Eboshi tenta di uccidere lo shishigami: può dire qualcosa riguardo al suo fucile?
Si chiama kasō, che significa "lancia di fuoco". In realtà dovrebbe essere molto più lungo. È un esemplare che spesso esplodeva, ferendo anche chi sparava. È fatto di rame, era molto usato nel XV secolo nella Cina dei Ming e per questo era entrato in Giappone prima che arrivassero gli archibugi [portati dagli europei]. Gli archibugi chiamati tanegashima, portati dai portoghesi, in realtà non erano fucili loro. Era un modello del Sud‑Est asiatico, un fucile di piccole dimensioni usato a Java.
Ma prima, in Cina, venivano usati sia cannoni che fucili, molto più rudimentali.

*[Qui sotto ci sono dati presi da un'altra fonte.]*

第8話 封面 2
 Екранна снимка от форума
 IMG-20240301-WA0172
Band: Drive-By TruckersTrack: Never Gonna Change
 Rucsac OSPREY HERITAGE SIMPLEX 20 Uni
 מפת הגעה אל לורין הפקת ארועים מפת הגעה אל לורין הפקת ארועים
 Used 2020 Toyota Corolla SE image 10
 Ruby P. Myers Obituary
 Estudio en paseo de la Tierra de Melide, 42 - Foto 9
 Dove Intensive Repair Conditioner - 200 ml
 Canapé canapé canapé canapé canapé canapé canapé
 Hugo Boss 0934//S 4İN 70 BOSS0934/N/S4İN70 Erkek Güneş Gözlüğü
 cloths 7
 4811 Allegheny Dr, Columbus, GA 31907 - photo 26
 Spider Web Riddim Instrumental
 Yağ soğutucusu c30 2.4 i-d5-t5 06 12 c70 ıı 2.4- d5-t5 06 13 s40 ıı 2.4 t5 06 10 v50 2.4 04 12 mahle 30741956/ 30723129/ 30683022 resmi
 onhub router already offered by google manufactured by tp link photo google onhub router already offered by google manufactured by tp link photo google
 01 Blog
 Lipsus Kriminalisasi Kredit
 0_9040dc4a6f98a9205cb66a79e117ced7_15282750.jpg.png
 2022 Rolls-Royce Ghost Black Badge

Sono rimasti dei testi antichi in cui pare siano stati usati durati i disordini di Ōnin [in Giappone; 1467‑1477]. Ma non avevano una potenza tale da dominare il campo di battaglia. Ma per quel che riguarda il rapporto tra l'uomo e le bestie, l'equilibrio fu definitivamente rotto dopo che l'uomo cominciò a usare la polvere da sparo.
Credo però che, in realtà, il motivo principale per cui gli animali delle montagne diminuirono notevolmente fu la massiccia agricoltura umana. Definire belli i paesaggi agricoli è un'arroganza umana, perché i campi, fondamentalmente, privano altre piante della possibilità di crescere, e l'impressione forte è che si tratti di terreni sterili. Considerata dal punto di vista del mondo della natura, la produttività dei terreni lasciati incolti è molto più alta di quelli coltivati. E per gli animali è lo stesso discorso.
Ed è a causa di quest'epoca che si è arrivati a pensarlo.
Cosa penserà, Eboshi, dello shishigami, che vuole uccidere con un fucile?
Eboshi pensa che, anche senza forzare la cosa, se si continuano a fabbricare i fucili e la foresta, un po' alla volta, sparisce, volenti o nolenti la forza dello shishigami si indebolisce e quindi lo si potrà uccidere quando verrà il momento. Non è che provi rispetto per lo shishigami, soltanto, nella situazione del momento deve combattere i samurai, e giudica che se uccidesse allora lo shishigami ci sarebbero troppe vittime inutili. E se gli altri sono convinti che gli alberi si rigenerino, lei pensa che, se necessario, si possono comunque piantarne di nuovi.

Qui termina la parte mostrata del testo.